Rethinking Obesity: Critical Perspectives in Crisis Times
Series: Critical Approaches to Health
Theoretically informed and empirically grounded, Rethinking Obesity invites readers to reconsider the medical and public health framing of population weight (gain) as a massive global problem, epidemic or crisis. Attentive to social values, scientific uncertainty and possible harms, the book furthers critique of the weight-centred health paradigm and world war on obesity. Building upon existing international literature from critical weight studies, fat studies and critical obesity research, the book advances scholarship with reference to body politics and health policy, epidemiology and obesity science, media reporting and weight-related stigma.

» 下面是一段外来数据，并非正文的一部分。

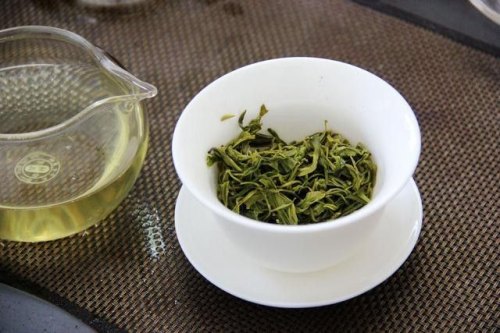 汉中毛尖的功效与作用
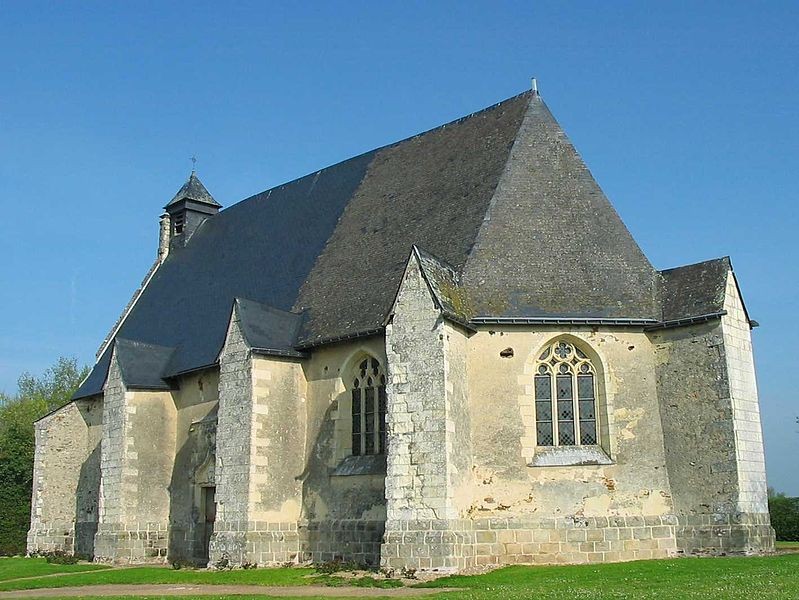 Photo de Chapelle Sainte-Émérance de La Pouëze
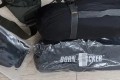 백패킹 경량텐트 장갑 지팡이 세트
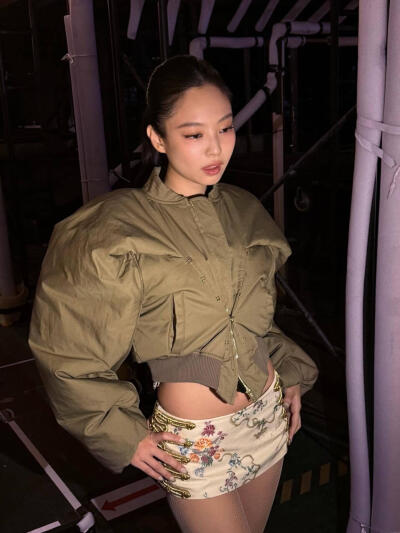Jennie金珍妮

The authors resist the common moralised narrative that ‘the overweight majority’ are lazy, gluttonous, and personally responsible for their actual or potential ills and the solution ultimately necessitates individual lifestyle change. Critique is also extended to seemingly compassionate public health interventions that putatively avoid victim-blaming through an appeal to ‘the obesogenic environment’, a consequence of modern living. Empirical case studies are grounded in women’s repeated and often frustrating experiences of dieting and schoolgirls’ encounters with fat pedagogy, which challenges dominant obesity discourse. Recognising that declared public health crises may become layered and cascade through society, this book also includes timely research on the COVID-19 pandemic response amidst concerns about lockdown weight-gain, heightened risk of infection and death among people deemed overweight and obese.

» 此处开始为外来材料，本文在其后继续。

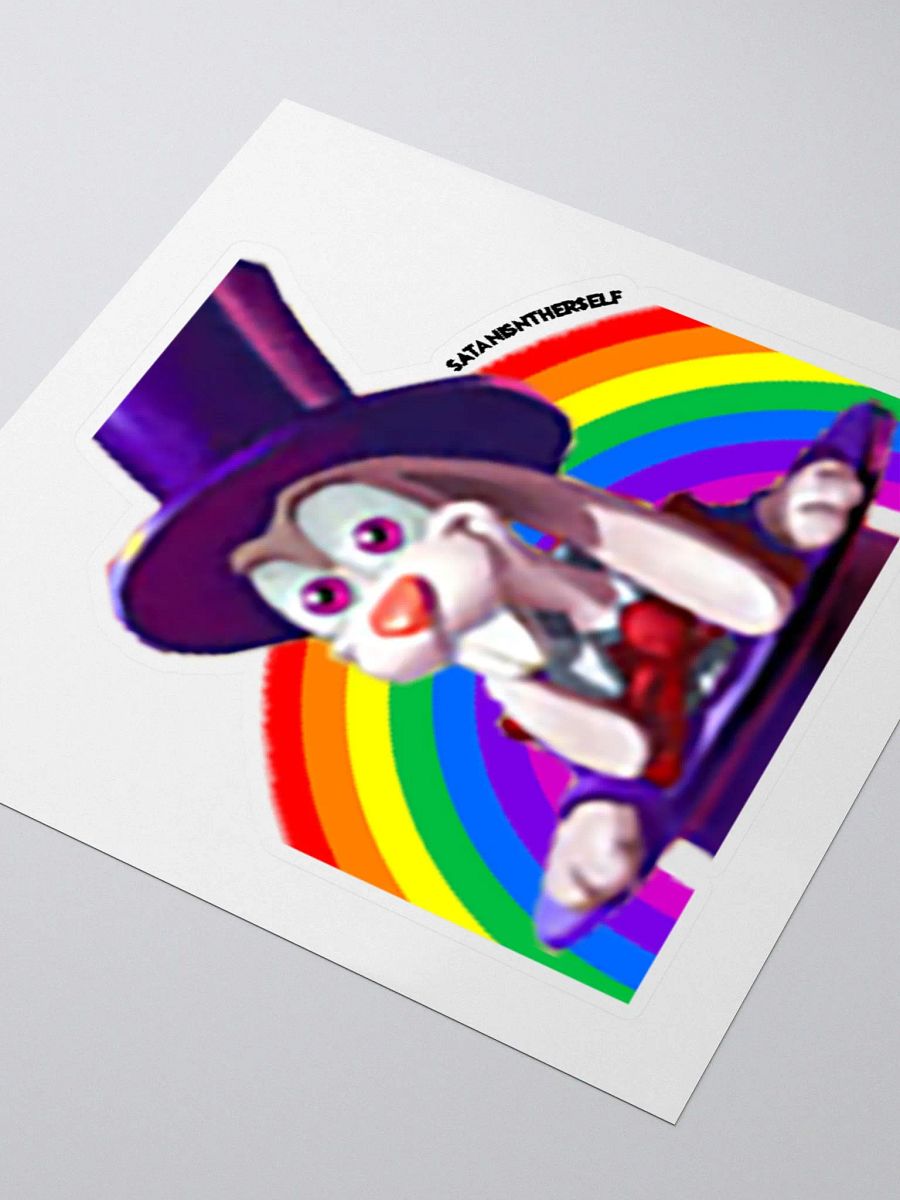 WarrenGay Sticker product image (3)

Rethinking Obesity interrogates how social injustice is reproduced not only through cruelty but also through seemingly benevolent representations, pedagogies and policies. Alternative approaches and action, ranging from weight-inclusive health paradigms to broader social change, are also considered when seeking to foster collective hope in crisis times. This is valuable reading for students and researchers in medical sociology, social and population health sciences, physical education, critical weight and fat studies, and the social dimensions of the body.